Well, to an extent you've actually answered your own question, haven't you? But there's also the issue that the Tories seem (at least from what I've read over the past near-decade; so I'll have likely missed important things that people actually in Canada will have noticed) to have (seriously) attempted to appeal to Jewish voters before other 'immigrant' minority groups, a process that includes carefully (or not so carefully in the case of the religious schools thing) developing specific policies aimed at boosting support and so on.
Of course just as interesting (at least to me) is the fact that the Liberals have let them do that; and then allowed them to do with with the other affluent 'immigrant' minorities as well. Complacency and inertia are tempting conclusions (especially as they double up as explanations for the slow-motion collapse of the federal Liberals generally), but I've no idea how true that actually is.

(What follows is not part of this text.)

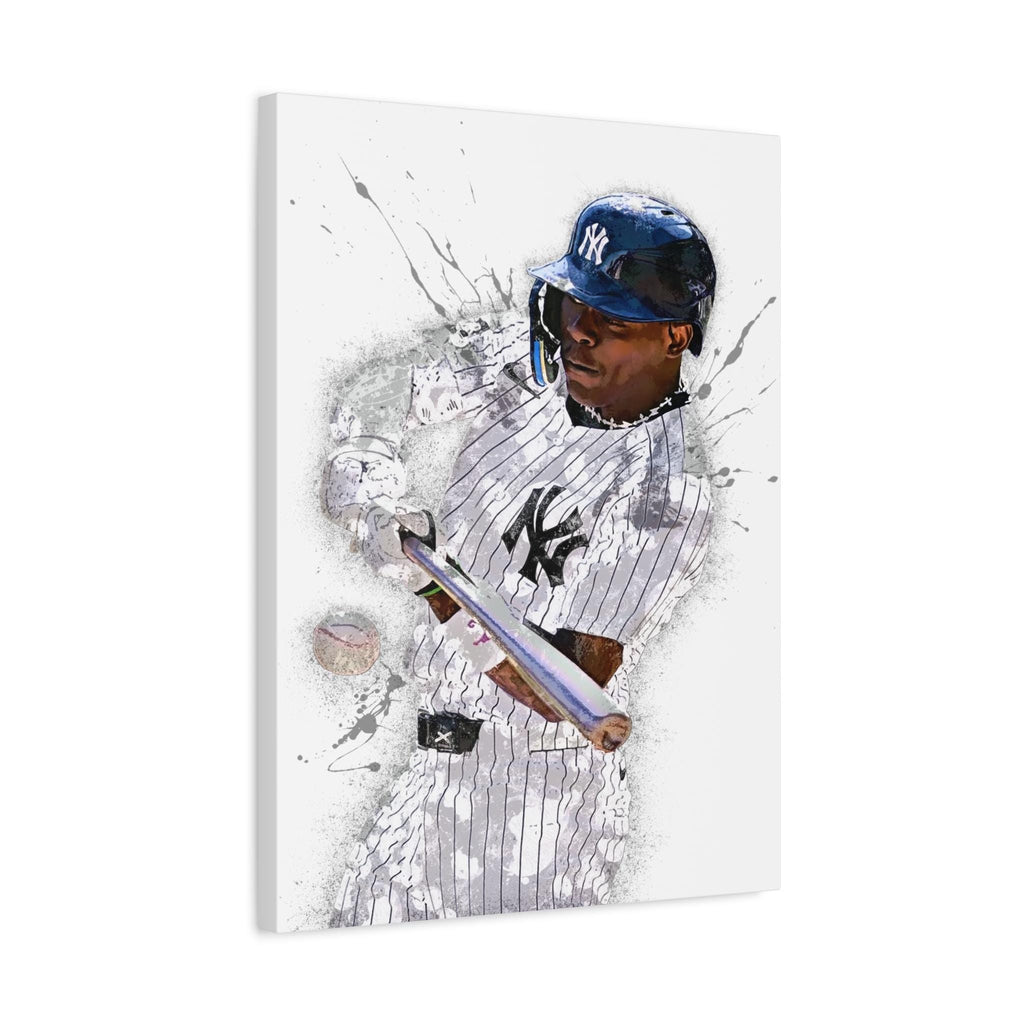Jazz Chisholm Jr. Poster, NY Yankees, Gallery Canvas Wrap or Museum-Quality Poster Print, Fine Art, Man Cave, Office or Dorm Room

And, of course, the same sort of thing has happened with the rural minorities that also used to be a Liberal bedrock. Why so little resistance to Tory charms? I mean, the way that they've folded to the NDP in certain areas is less surprising (it isn't as though they've had much positive to offer to left wing and/or working class voters of late so
once a certain point was reached the NDP were always pushing at an open door), but their apparent capitulation to the Tories amongst their old minority (urban/immigrant and rural/etc) fortresses is almost bizarre.
Was that as common in Toronto as Montreal?